Michelin-Starred Chef Hélène Darroze Takes Helm at Royal Mansour Marrakech Restaurants

Multi-starred Chef Hélène Darroze, who has taken over the management of La Table and La Grande Table marocaine, two of the restaurants at the Royal Mansour Marrakech, owned by King Mohammed VI, has taken on the challenge of working with authenticity, respect and generosity. Even if it means offering a new culinary offer combining her Western know-how with Moroccan authenticity to customers.
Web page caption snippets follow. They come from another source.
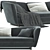 Minotti Seymour: Modern Designer Sofa 3D model small image 3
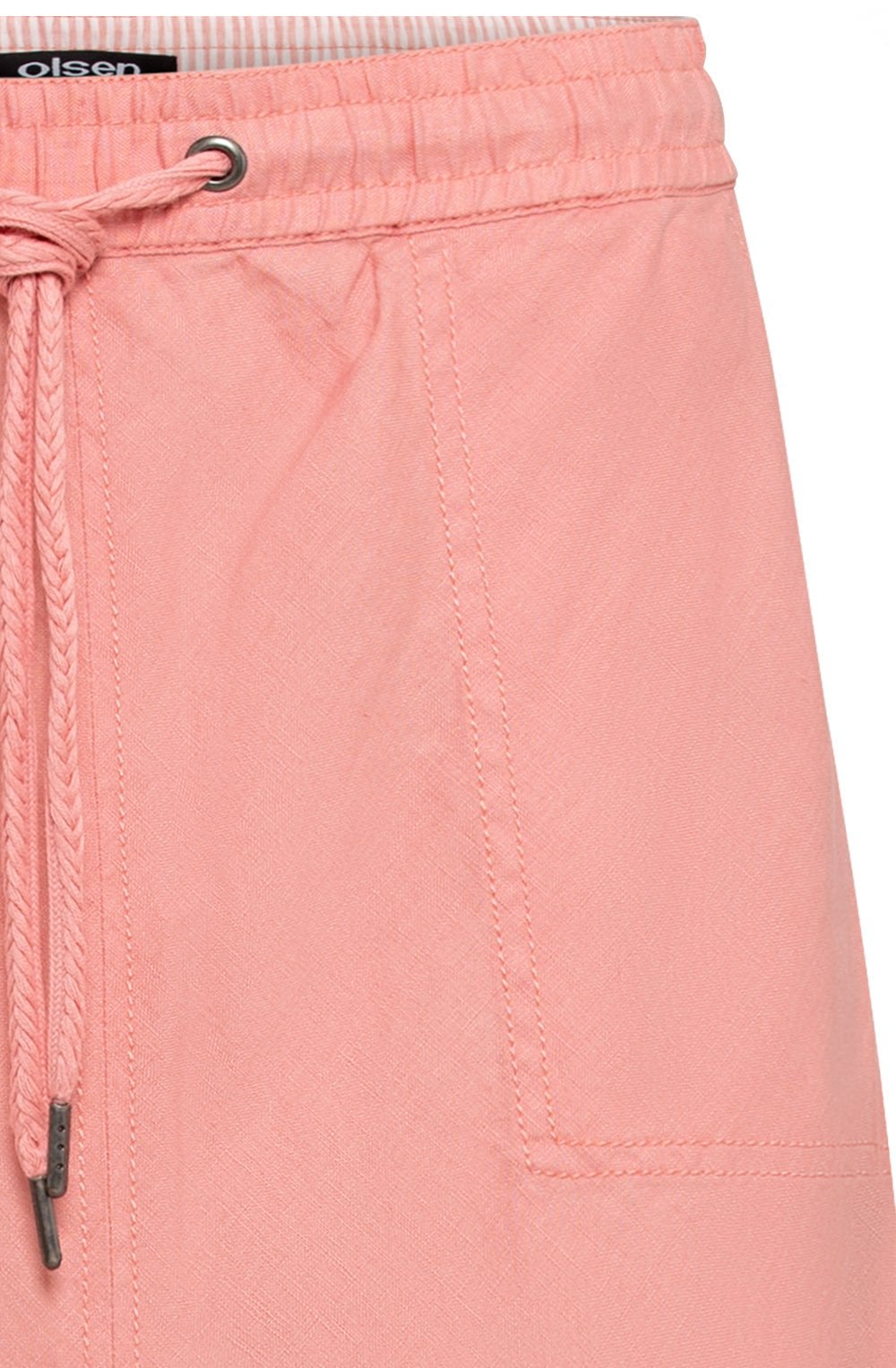 Peach Blush Linen Skirt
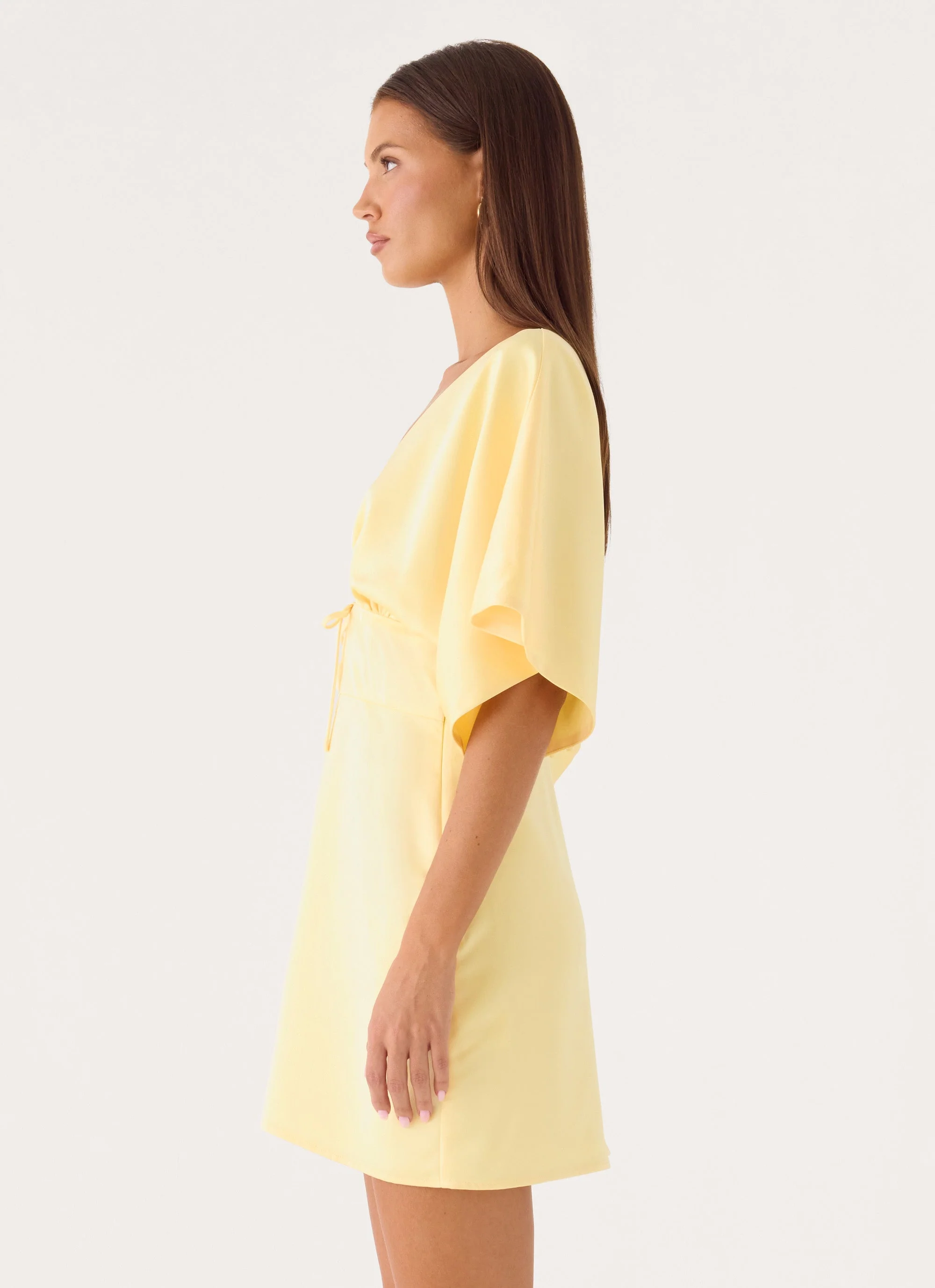 Love On You Mini Dress - Baby Yellow - luluinthesky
Hélène Darroze’s Moroccan culinary adventure - the first outside Europe - comes after a proposal from the legendary Yannick Alléno, a 12-Michelin-starred chef, who has run the La Table and La Grande Table marocaine restaurants at Royal Mansour Marrakech for about a dozen years. "I knew Yannick’s work here, and for him, he said it was the end of his story, then he sent me a text saying that I can’t dream of anyone else but you to take over," Hélène Darroze recounts in an interview with Penta. The project interests her. "I fell in love with this project," says the one who did not know Morocco very well. "For now, I’m learning a lot by starting this experience at La Grande Table marocaine. But it’s super exciting for me, it reminds me of when I was a young girl and I started learning my craft by joining Alain Ducasse in Monaco."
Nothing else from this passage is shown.